I could go into a dozen technical reasons why javascript is a terrible, horrible, outrageously bad language here but this post would be TL;DR; for most people. Lets just settle for goggling "javascript terrible" and reading the first couple links.
Or for some silly (not not really deal killing) things watch https://www.destroyallsoftware...
The fact that there are actually people who think using in on the server is a good idea, proves there are insane or completely incompetent developers out there. If someone actually approaches me with this idea, I immediately think they are an idiot.
See, on the browser we basically have to deal with javascript because there aren't any real alternatives. But things that are just "issues" or "irritations" in the browser quickly blossom into product killing problems when used on the server.
Oh, and yes, I've written my fair share of javascript (and other languages), so don't think i'm talking out of my ass here.
Here's something I noticed that bugged me in the article.
It claims that Node.js wins for build process because Java's popular build processors require you to write XML.
Which makes me think they're not aware of what Apache Maven actually is.
Maven is much more than just a build tool. It not only is used to control the build order of a multi-project build, but it also downloads and installs your project's dependencies from the Maven Central repository.
You need a JSON parser in your project? Easy, just add a dependency reference with groupId com.google.code.gson and artifactId gson . Need version 2.2.1 specifically? That's alright as Maven allows you to specify a specific version.
GSON probably has its own dependencies... which Maven will also download for you.
Having said all that, if you want a build system closer to Java, you could always use the Gradle dependency manager, whose configurations are written in Groovy (a JVM language). Incidentally, you can configure Gradle to look at Maven Central for dependency resolution, too.
GLaDOS for President 2016! "Well here we are again. It's always such a pleasure." -- GLaDOS, 2011
Sun Microsystems should not have allowed Netscape to name their new web page scripting language "JavaScript".
no, I don't have a sig
Repost of the exact same link from last month?
Did a new editor come on and not search prior posts?
Only people sucked into "internet programming" bother with in either java or node.sj
I never want to begrudge people for earning a living and at least it isn't php.
I've never seen elegant javascript - I have seen extremely elegant perl and fortran. Java is plagued by memory suck and slow implementations. My systems only have 16G of RAM, so I can't load eclipse to work on java.
No Its real I just punched someone for using javascript.
They're both C languages with automatic garbage collection that can be used to build browser based applications.
I think they *could* be a little more different...
So if you can no longer install / update Java with IE11, is Java still a contender ?
https://community.oracle.com/message/12902862
It is badass rock store technology
http://saveie6.com/
http://vertx.io/
like node.js but for the jvm and good.
I was originally attracted to Node.js because, well hey, it's one less language you need to know if the backend is written in JavaScript, right?

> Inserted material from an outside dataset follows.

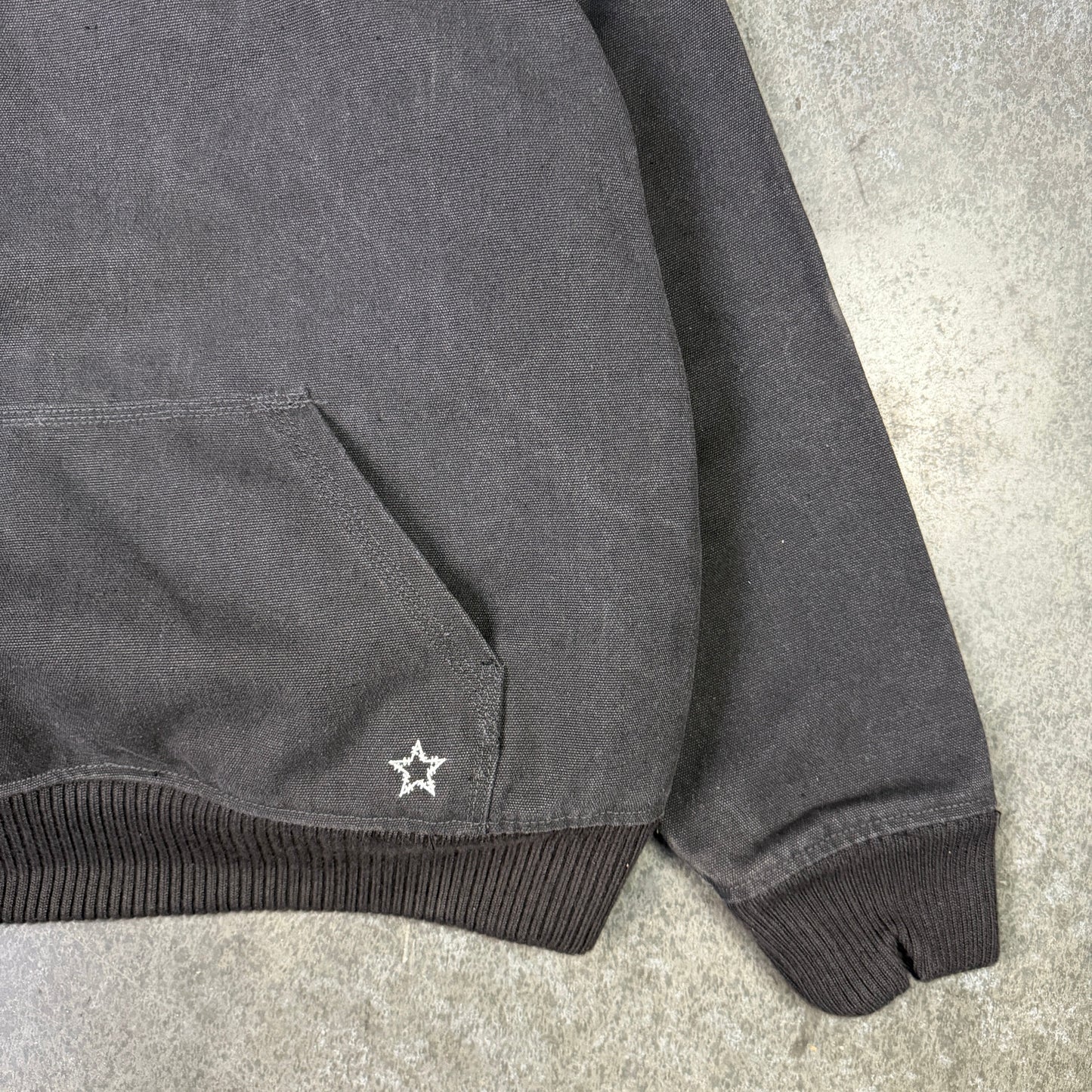 CANVAS WORK JACKET - VINTAGE BLACK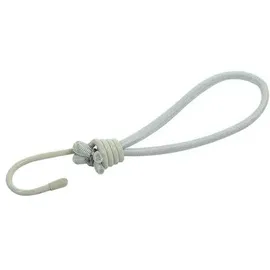PRO PLUS elastische Zeltspanner mit Haken, weiß, 4er-Pack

However, I found that frontend and backend programming require very different mindsets--so much so that the one-language-in-front-and-back purported advantage is nearly nil.
However, however, the event-driven nature of Node.js is tres, tres cool. That, for me, is its real selling point. And it's baked in from the start, not half-baked with a library or extension.
"did you just say lisp?" XDDDD
I cannot image writing a production worthy server side application on top of a code base that people have been ruing for the past 10 years. Javascript has a bad rep for a reason; it is a dirty and poorly designed language. And despite the claims here, it is not particularly fast. Node can scale well to many concurrent requests, but it doesn't execute those requests that fast unless we are talking about the simplest of responses. The concurrent support within Node is also someone moot these days, as virtually all of the J2EE containers now support NIO anyway. It also has the major disadvantage of being being tied at the hip to browser implementations, which means making significant changes to the language to improve its structure will be very difficult.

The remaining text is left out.